We'd like to provide a mechanism for ZODB users to save large, infrequently-changing chunks of binary data ( > ~ 1MB ) into storage that allows later accesses to the object to be more memory/space-efficient than current strategies that exist for accessing large objects.
Storing large seldom-changing binary objects in ZODB requires somewhat complicated application logic. When large objects are stored, they currently need to be broken up into many smaller ZODB records in primarily in order to reduce the amount of memory consumed when users wish to deal with the "blob" as a unit.
An example of using "straight" ZODB to store large binary content: The Zope 2 "Image"/"File" content objects use a "Pdata" class to service this requirement. Each Pdata object stores up to 64K of data. The "Image"/"File" object has a method which converts a file stream into multiple Pdata objects which are linked together in succession. A Pdata chain that is created from a 202KB file stream will end up looking like this:
next next next next
64K Pdata ----> 64K Pdata ----> 64K Pdata ----> 10K Pdata ----> None
The None at the end of the Pdata chain delineates the end of the chain.

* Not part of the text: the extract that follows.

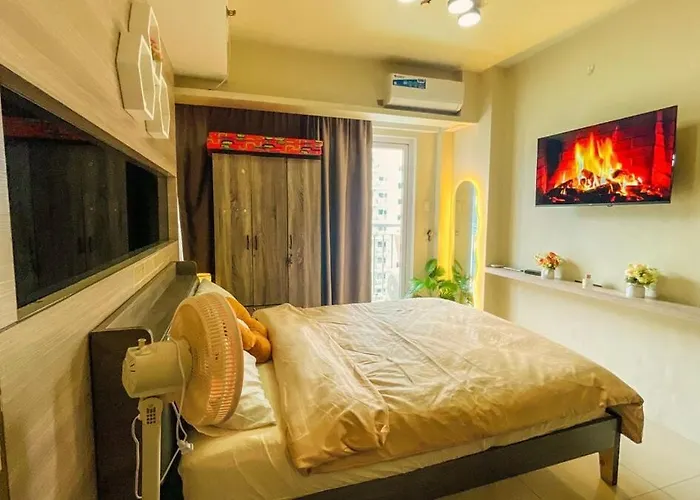 Ena S Sweet Escape Type Unit Apartment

When a Zope "Image"/"File: object is requested to be rendered to the browser, the File object has a method which iterates over all the Pdata objects, sending each in turn to the remote browser via a Zope RESPONSE.write method call. It stops when the None pointer is encountered in the chain. This is fast and robust.
However, storing binary data in this way comes at a price. In order to increase the overall speed of access to objects stored within a ZODB storage, ZODB keeps an in-memory LRU cache of objects. When Pdata objects are accessed, they are placed in the cache and, if the cache is full, their insertion into the cache may evict other (possibly also frequently-accessed objects) out of the cache.
Also, in the case of Zope, when it serves up a large "file" from an object stored in ZODB, it tends to buffer data into a temporary file before actually sending content out to a remote browser. This requires IO/disk activity and CPU power.
It would be more efficient to actually store large objects as files (or at least as objects which could be opened as a stream) instead of storing them in a ZODB storage as many distinct objects that need to be reassembled into a unit at processing time.
We'd like to create a common API for blob-like objects, allowing people to create their own blob object implementations. We'd also like to create a "reference" Blob implementation.
The API for creating a blob may be used something like this within a method of a Persistent object:
def createMyBlob(self):
from ZODB.blob import FileBlob
self.blob = FileBlob()
fh = self.blob.open('wb')
fh.write('some_data')
fh.close()
The API for retrieving all data from a blob (not a common thing to want to do, but useful for demonstration) within a method of a Persistent object might look something like this:
def getAllMyBlobData(self):
fh = self.blob.open('rb')
data = fh.read()
fh.close()
return data
Essentially, a "FileBlob" in the above is a persistent object that has an "open" method which returns a file-like object. This is the minimum required API for blob objects.